In 1958, archaeologists digging through the ruins of Hasanlu - a burned Iron Age citadel in northwestern Iran - pulled a spectacular, though crushed, golden bowl from the layers of destruction. The bowl was just beyond the fingertips of a dead soldier and two of his comrades, who were buried under bricks and burned building material around 800 BCE.
     Located on the shores of Lake Urmia, Hasanlu seems to have been first occupied about 8,000 years ago. But by the ninth or 10th century BCE, there was a bustling, fortified town at the site. Within the walls were houses, treasuries, horse stables, military arsenals and temples, many of which had towers or multiple stories. The buildings were mud-brick, but many roofs, floors and structural supports consisted of timber and reed matting.
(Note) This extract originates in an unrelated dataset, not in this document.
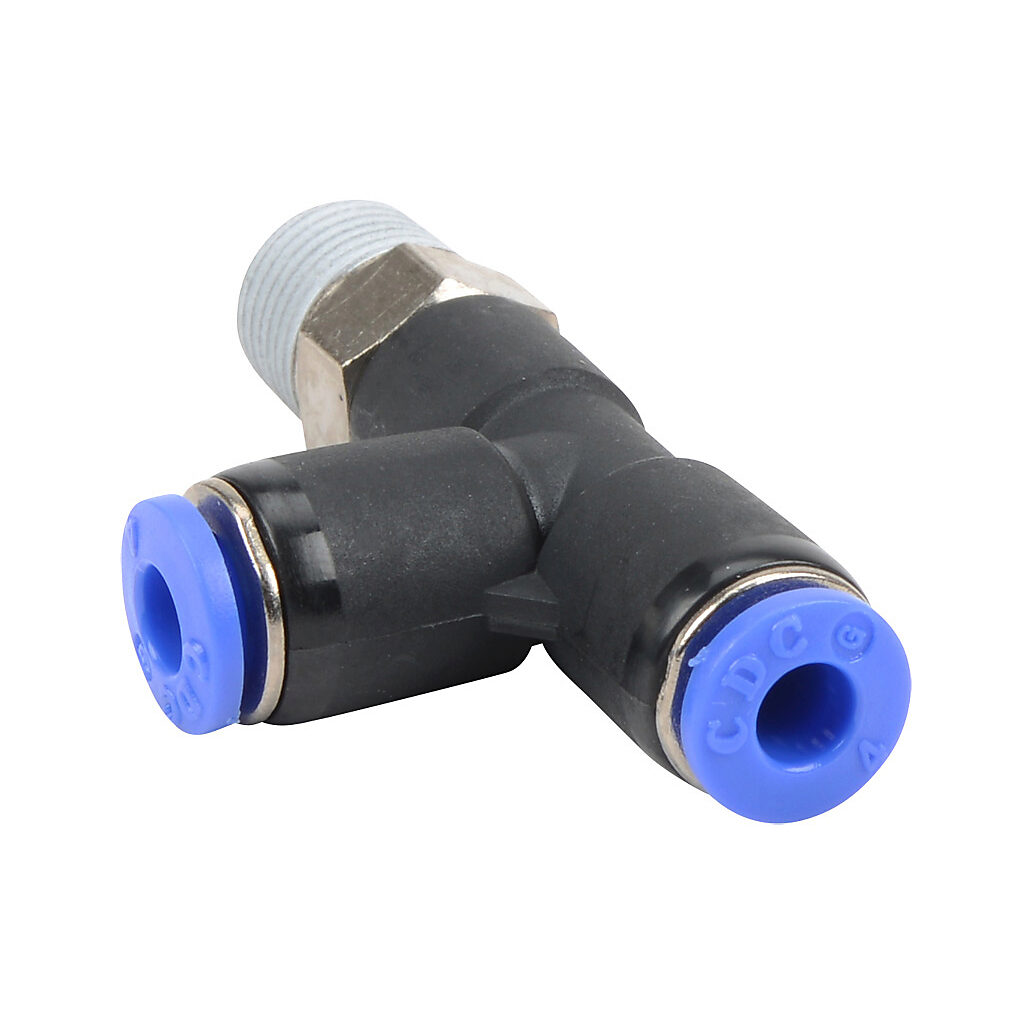 MRT4M-18R - NITRA pneumatic push-to-connect fitting, run tee, rotating, thermoplastic (PBT) body, nickel-plated brass threads, thread sealant, (1) R1/8 male BSPT to (2) 5/32in (4mm) push-to-connect. Package of 5.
     The burn layer at Hasanlu contains more than 200 bodies preserved in ash and rubble, suggesting that a surprise attack destroyed the citadel. Archaeologists who excavated the site in the 1950s, '60s and '70s found corpses that were beheaded and others that were missing hands.
     Archaeologists don't know the ethnicity of the people who lived there or what language they spoke. Many of the victims were women and children. In mass graves on top of the burned layer, excavators found the remains of people who tended to be very young or old and seemed to have suffered fatal, blunt-force trauma head wounds.
     The site was primarily excavated between 1956 and 1977. Because of security pressures and the overwhelming amount of material found, the work was often hurried. Some artefacts - such as the golden bowl - were pulled from the ground before they were documented or photographed.
     Historical texts indicate the ancient Urartu kingdom, which grew out of an area in modern-day Turkey, was expanding into the region around Hasanlu during the Iron Age through a brutal military campaign. Sometime after the citadel was abandoned, an Urartian fortification wall was built on top of the ruins.